*Exercise objective*:
With every picture left out, restate the listing below exactly as written.

*Input data*:
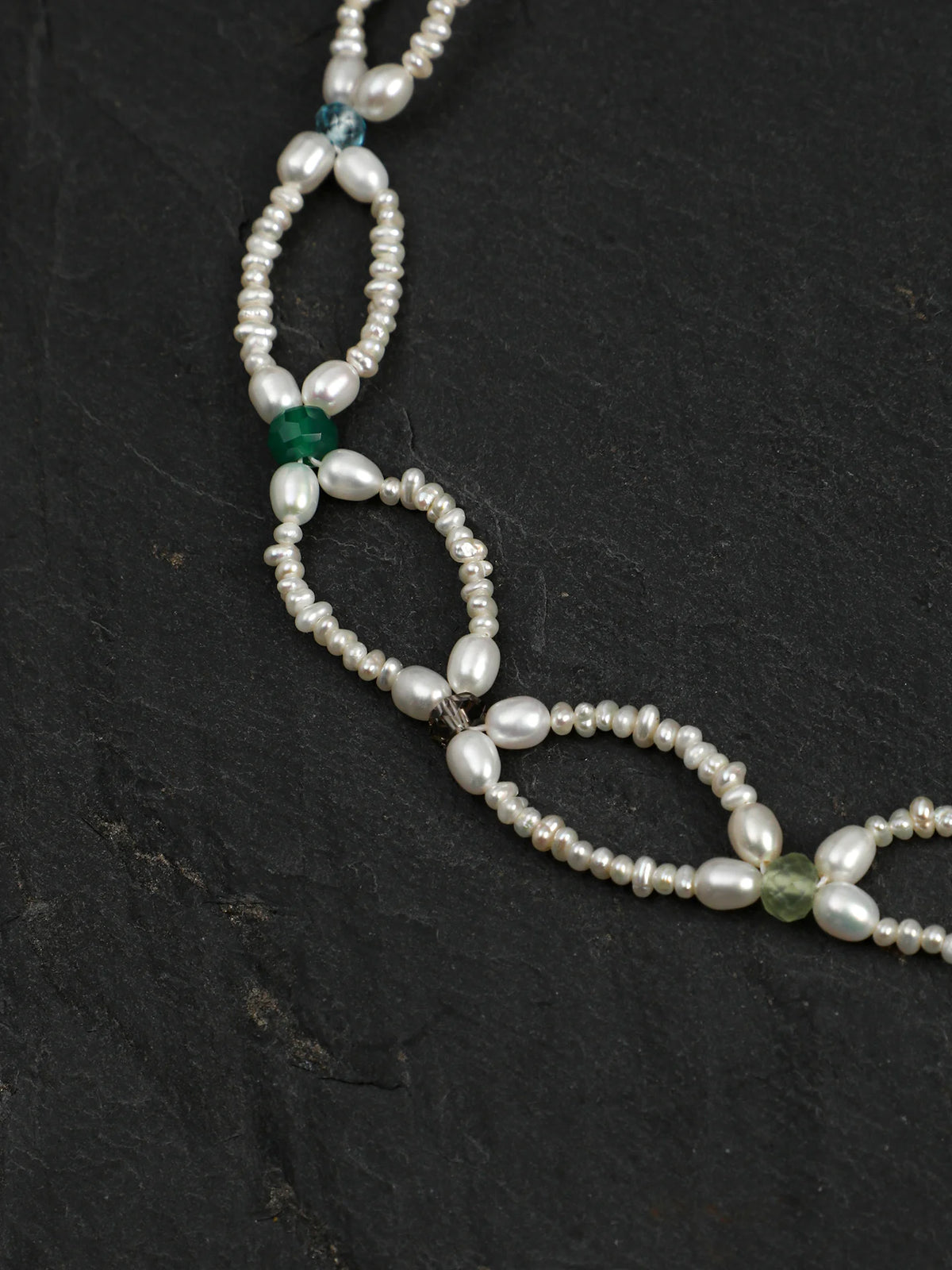 Close-up of the woven pearl lace and colored gemstone accents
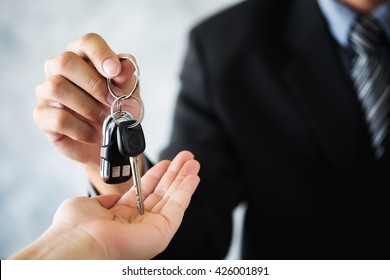 Car salesman giving the key to the new car owner transportation and ownership concept.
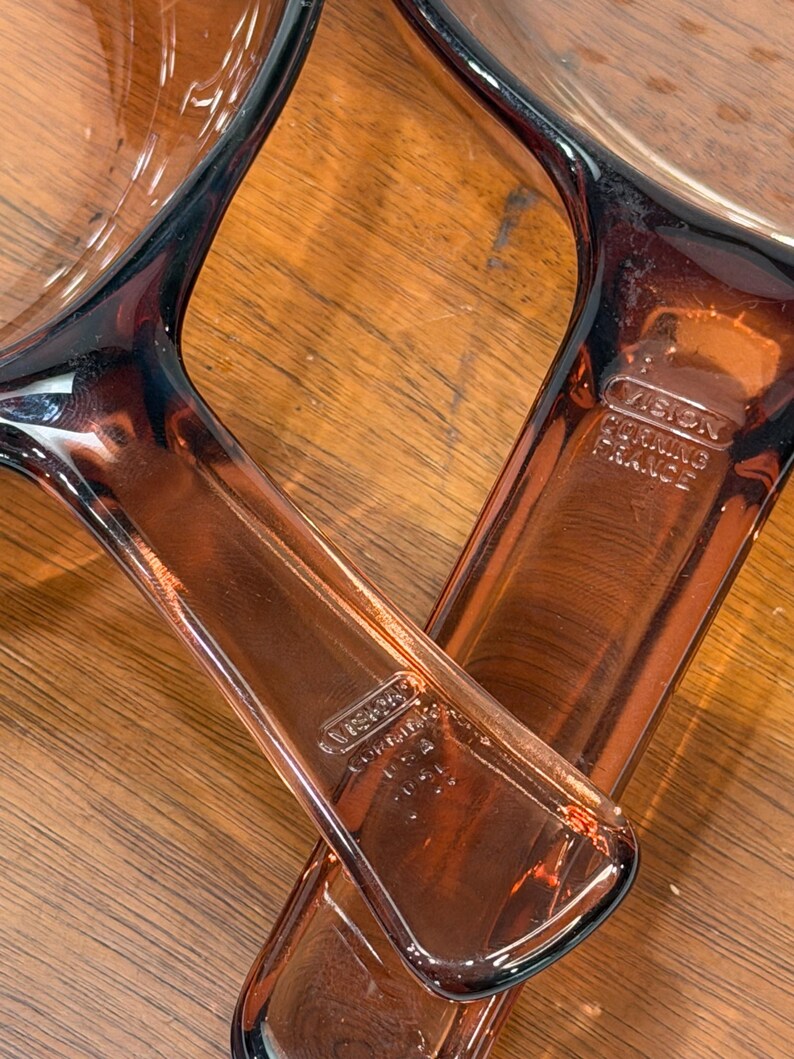 Puede incluir: Dos sartenes de vidrio Vision Corning France con asas. Las sartenes son de color &aacute;mbar transparente. Las asas tienen el logotipo de Vision Corning France. Las sartenes est&aacute;n sobre una superficie de madera.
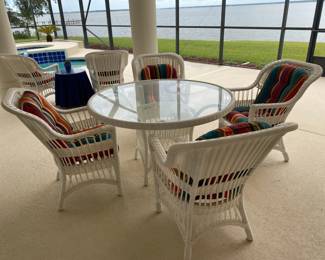 #29 $480 white wicker all weather table and 6 chairs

*Task result*:
 Close-up of the woven pearl lace and colored gemstone accents
 Car salesman giving the key to the new car owner transportation and ownership concept.
 Puede incluir: Dos sartenes de vidrio Vision Corning France con asas. Las sartenes son de color &aacute;mbar transparente. Las asas tienen el logotipo de Vision Corning France. Las sartenes est&aacute;n sobre una superficie de madera.
 #29 $480 white wicker all weather table and 6 chairs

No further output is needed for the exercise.